Alzheimer’s Disease (AD) has been a topic of extensive research over the past three decades. The main focus of many studies has been the neurotoxicity associated with the accumulation of insoluble proteinaceous complexes in the brain. Closer examination has revealed these complexes to be plaques formed due to aggregation of small fragments of beta-amyloid peptides, which are proteolytic derivatives of a precursor protein APP (as a result of sequential action of two enzymes).
It has been known that beta-amyloid hyperactivated neurons led to neurotoxicity. However, a recent study published in Nature has shown that this was only one side of the story as far as pathogenesis of AD was concerned, shedding light on a new protein fragment characterized and called amyloid-η (eta-amyloid).

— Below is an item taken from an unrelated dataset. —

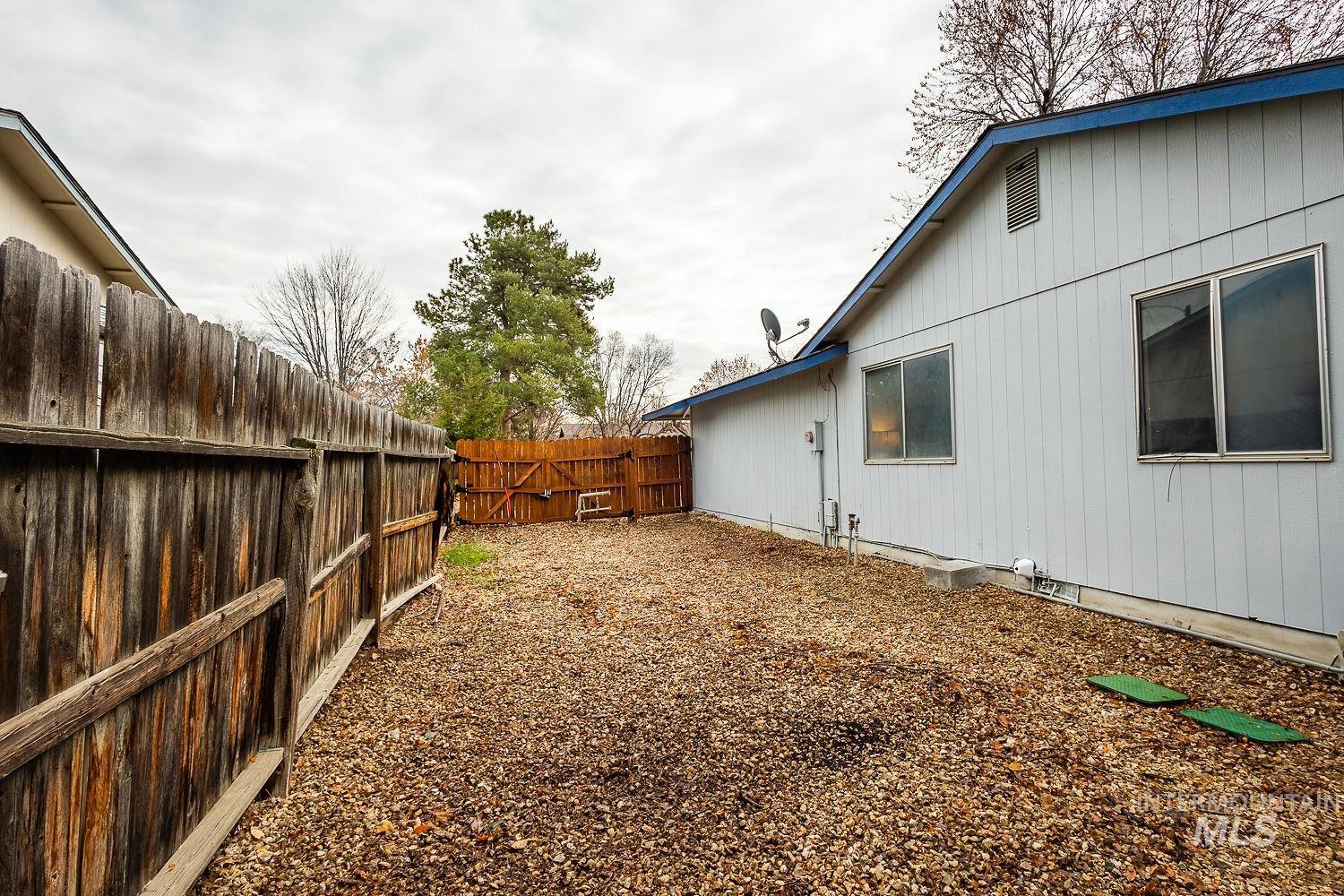 View of fenced backyard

The research was conducted by an international team of researchers led by Christian Haass (Professor of Metabolic Biochemistry at LMU and Speaker for the German Center for Neurodegenerative Diseases in Munich) and Dr. Michael Willem (LMU), in collaboration with neurobiologist Dr. Hélène Marie based at the IPMC-CNRS in Valbonne (France) and with the local colleagues from the Technical University of Munich (TUM) in the Synergy Excellence Cluster (Professor Arthur Konnerth and Dr. Marc Aurel Busche).
Analysis of the functions of this newly characterized protein showed it acted as an antagonist when it came to beta-amyloid and its hyperactivity. In Dr. Haass’s words, “The processing pathway that produces it (eta-amyloid) has been overlooked for 30 years. This is because investigators including myself have focused their attention on elucidating the origins of the beta-amyloid and on attempts to cure Alzheimer’s by inhibiting production of this peptide. So here we have two small peptides snipped from the same precursor protein, which have opposite effects on neuronal activity, and whose actions must normally be carefully balanced.”
The findings of this study have had strong implications on all ongoing and upcoming clinical trials scheduled, all of which revolve around beta-amyloid. One such trial, designed to ascertain if the pharmacological inhibition of beta-secretase (the proteolytic enzyme that initiates the release of the toxic beta-amyloid from APP) can reduce memory loss in patients with Alzheimer’s, saw Dr. Haass and his colleagues conclude that blocking of beta-secretase did reduce the amount of beta-amyoid produced. However, it was also accompanied by a substantial increase in the amount of eta-amyloid secreted. Dr. Haass suggested this could result in unwanted and compromised brain function.
Based on these data, the authors advise that researchers should be on the lookout for any adverse side-effects related to the secretion of both these proteins during clinical trials.